🤖 AI Summary
Conventional atomic-scale characterization of 2D materials heavily relies on extensively trained human experts and suffers from low accuracy and poor robustness in identifying novel structures. To address this, we propose the first zero-shot, fully automated optical microscopy characterization system—requiring no manual annotations or domain-specific pretraining—that enables cross-material, interference-resilient, closed-loop intelligent analysis. Methodologically, we introduce the first integration of a vision foundation model (Segment Anything Model, SAM) with a large language model (ChatGPT), augmented by unsupervised clustering and topological analysis, all orchestrated via prompt engineering to drive microscope control, image segmentation, and physical interpretation.

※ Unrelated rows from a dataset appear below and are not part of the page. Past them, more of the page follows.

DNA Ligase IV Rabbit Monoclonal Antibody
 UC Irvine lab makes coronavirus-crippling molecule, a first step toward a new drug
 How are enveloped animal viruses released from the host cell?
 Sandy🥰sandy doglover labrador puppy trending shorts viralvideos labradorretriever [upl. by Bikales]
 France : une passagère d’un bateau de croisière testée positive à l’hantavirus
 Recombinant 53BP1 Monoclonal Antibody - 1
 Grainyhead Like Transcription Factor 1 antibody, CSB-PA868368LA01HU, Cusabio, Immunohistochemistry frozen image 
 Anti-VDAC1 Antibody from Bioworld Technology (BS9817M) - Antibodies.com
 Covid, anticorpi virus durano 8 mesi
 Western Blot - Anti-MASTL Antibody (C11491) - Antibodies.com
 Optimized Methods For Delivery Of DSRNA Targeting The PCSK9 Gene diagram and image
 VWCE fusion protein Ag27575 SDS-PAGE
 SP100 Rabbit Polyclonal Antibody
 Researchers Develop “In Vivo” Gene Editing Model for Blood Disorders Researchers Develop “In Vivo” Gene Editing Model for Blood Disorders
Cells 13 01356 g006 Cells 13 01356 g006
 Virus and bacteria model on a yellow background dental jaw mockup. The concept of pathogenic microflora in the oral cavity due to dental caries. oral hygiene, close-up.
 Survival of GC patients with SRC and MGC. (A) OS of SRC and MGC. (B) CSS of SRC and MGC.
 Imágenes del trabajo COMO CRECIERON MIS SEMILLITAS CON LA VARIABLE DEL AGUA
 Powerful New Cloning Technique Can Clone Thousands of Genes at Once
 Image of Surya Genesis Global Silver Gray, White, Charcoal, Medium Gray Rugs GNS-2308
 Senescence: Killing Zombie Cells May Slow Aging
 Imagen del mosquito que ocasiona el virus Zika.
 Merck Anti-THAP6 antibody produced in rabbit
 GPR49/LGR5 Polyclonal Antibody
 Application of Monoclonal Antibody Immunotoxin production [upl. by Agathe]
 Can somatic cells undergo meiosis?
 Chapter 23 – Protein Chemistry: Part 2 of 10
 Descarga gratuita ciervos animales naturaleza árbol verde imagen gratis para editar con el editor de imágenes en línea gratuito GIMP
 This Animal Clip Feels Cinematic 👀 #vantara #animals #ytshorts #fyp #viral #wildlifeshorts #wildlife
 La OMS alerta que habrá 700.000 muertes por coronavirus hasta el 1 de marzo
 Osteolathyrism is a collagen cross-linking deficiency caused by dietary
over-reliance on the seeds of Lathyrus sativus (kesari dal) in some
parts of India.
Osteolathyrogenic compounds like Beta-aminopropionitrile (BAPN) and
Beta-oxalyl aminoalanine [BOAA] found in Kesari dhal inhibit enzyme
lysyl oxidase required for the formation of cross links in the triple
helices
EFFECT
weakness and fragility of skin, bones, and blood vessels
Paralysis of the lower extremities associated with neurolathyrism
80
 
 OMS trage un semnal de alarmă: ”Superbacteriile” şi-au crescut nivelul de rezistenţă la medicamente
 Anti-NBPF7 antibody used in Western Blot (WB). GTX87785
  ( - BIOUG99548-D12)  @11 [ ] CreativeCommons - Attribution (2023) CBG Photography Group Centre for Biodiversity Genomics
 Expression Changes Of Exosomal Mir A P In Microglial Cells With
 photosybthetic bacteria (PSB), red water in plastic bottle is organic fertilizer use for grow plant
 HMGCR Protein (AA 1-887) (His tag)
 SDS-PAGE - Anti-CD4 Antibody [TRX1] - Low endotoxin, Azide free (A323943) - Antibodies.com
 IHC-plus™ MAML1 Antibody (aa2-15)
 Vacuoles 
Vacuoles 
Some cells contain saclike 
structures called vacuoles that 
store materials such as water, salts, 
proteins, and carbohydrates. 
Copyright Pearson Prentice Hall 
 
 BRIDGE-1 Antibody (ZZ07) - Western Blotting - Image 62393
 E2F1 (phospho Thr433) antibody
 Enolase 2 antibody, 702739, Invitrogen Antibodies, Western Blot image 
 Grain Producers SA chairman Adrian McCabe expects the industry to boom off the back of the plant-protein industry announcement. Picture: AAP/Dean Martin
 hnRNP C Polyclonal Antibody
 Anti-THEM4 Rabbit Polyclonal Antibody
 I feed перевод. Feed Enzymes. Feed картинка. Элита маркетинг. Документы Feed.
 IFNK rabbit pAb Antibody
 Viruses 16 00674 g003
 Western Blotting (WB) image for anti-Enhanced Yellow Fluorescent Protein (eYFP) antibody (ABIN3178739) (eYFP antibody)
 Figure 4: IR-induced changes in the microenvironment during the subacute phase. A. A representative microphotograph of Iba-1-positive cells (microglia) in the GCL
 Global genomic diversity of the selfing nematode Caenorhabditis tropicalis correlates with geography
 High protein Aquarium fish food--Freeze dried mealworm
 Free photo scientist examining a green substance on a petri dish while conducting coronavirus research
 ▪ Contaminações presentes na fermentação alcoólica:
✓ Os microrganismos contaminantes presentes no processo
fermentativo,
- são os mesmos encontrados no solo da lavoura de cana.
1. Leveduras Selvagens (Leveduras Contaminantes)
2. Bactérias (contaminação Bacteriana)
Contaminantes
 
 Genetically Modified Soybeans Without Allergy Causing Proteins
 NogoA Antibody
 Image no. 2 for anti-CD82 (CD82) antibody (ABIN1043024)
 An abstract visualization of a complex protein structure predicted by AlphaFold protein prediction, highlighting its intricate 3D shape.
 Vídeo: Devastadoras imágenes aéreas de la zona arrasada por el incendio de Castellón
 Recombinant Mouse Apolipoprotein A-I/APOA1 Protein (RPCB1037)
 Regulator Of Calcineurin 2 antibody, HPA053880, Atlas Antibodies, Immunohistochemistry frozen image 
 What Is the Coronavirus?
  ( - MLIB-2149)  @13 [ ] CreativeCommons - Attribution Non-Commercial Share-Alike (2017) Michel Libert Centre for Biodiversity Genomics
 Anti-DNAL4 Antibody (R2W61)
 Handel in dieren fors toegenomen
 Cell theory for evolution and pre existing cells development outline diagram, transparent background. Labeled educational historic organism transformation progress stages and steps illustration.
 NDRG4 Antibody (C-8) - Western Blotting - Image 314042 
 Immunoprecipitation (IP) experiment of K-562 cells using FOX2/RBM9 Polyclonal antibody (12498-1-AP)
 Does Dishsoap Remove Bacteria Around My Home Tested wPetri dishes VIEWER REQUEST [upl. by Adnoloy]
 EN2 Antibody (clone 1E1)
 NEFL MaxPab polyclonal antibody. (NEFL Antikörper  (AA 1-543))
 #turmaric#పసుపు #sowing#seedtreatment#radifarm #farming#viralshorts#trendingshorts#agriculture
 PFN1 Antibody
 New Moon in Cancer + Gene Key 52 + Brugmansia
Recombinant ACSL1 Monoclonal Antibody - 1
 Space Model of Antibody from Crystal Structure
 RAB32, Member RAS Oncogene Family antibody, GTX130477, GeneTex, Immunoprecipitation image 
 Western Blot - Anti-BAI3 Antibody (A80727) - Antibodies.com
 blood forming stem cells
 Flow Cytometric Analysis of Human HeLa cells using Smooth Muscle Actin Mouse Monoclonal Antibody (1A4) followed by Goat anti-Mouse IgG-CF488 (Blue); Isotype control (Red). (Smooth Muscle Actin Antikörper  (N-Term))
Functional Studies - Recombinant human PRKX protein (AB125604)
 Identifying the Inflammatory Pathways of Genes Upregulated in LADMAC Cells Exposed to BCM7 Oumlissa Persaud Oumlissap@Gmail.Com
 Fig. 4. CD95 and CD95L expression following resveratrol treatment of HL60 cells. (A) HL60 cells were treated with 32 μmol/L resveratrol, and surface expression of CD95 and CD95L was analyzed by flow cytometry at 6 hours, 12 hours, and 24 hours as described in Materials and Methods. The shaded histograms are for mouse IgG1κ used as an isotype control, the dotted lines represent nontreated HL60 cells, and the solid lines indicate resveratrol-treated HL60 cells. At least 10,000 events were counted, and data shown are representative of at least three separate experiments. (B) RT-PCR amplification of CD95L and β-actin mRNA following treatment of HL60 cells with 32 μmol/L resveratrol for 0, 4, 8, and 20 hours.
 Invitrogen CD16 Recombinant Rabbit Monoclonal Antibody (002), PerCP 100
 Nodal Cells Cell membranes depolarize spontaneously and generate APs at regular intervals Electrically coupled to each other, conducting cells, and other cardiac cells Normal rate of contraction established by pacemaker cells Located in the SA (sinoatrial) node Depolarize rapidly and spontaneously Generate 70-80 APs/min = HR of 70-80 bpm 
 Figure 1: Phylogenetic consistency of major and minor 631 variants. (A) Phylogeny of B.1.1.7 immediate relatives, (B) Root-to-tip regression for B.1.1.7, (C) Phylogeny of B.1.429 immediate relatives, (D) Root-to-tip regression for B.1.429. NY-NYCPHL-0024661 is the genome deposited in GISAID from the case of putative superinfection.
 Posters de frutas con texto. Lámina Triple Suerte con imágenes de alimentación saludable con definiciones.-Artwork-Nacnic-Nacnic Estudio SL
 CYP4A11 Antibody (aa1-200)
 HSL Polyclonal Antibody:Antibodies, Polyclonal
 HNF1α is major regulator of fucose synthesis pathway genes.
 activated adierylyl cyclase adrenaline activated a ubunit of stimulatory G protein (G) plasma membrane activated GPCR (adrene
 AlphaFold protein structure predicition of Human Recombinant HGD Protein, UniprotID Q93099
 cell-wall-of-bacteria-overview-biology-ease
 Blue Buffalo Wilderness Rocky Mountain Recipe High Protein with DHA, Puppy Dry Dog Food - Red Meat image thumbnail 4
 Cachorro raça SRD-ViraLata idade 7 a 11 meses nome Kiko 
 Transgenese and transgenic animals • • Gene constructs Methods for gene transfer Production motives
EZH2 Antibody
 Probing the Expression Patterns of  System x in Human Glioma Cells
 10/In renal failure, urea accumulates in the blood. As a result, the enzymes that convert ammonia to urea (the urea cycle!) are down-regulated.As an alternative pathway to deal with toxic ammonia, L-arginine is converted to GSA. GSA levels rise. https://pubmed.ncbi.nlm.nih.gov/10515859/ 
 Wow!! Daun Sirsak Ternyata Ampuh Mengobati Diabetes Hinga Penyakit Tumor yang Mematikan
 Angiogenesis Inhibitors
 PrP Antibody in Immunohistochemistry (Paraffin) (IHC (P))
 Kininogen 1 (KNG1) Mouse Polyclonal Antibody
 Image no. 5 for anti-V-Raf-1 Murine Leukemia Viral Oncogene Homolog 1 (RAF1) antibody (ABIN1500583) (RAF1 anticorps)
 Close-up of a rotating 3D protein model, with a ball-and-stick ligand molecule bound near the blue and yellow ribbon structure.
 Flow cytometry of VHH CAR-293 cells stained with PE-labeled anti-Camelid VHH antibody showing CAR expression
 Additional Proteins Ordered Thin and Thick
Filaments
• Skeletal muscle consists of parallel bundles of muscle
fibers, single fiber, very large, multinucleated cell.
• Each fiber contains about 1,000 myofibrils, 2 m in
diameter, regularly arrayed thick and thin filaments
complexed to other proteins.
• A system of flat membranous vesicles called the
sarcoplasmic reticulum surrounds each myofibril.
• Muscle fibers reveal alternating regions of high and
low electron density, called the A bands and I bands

Our system achieves 99.7% segmentation accuracy on monolayer MoS₂—matching expert-level performance—and detects sub-visible grain-boundary cracks imperceptible to the human eye. It demonstrates strong robustness against defocus, color-temperature shifts, and exposure variations, and generalizes across diverse 2D materials including graphene, WSe₂, and SnSe.
📝 Abstract
Characterization of atomic-scale materials traditionally requires human experts with months to years of specialized training. Even for trained human operators, accurate and reliable characterization remains challenging when examining newly discovered materials such as two-dimensional (2D) structures. This bottleneck drives demand for fully autonomous experimentation systems capable of comprehending research objectives without requiring large training datasets. In this work, we present ATOMIC (Autonomous Technology for Optical Microscopy&Intelligent Characterization), an end-to-end framework that integrates foundation models to enable fully autonomous, zero-shot characterization of 2D materials. Our system integrates the vision foundation model (i.e., Segment Anything Model), large language models (i.e., ChatGPT), unsupervised clustering, and topological analysis to automate microscope control, sample scanning, image segmentation, and intelligent analysis through prompt engineering, eliminating the need for additional training. When analyzing typical MoS2 samples, our approach achieves 99.7% segmentation accuracy for single layer identification, which is equivalent to that of human experts. In addition, the integrated model is able to detect grain boundary slits that are challenging to identify with human eyes. Furthermore, the system retains robust accuracy despite variable conditions including defocus, color temperature fluctuations, and exposure variations. It is applicable to a broad spectrum of common 2D materials-including graphene, MoS2, WSe2, SnSe-regardless of whether they were fabricated via chemical vapor deposition or mechanical exfoliation. This work represents the implementation of foundation models to achieve autonomous analysis, establishing a scalable and data-efficient characterization paradigm that fundamentally transforms the approach to nanoscale materials research.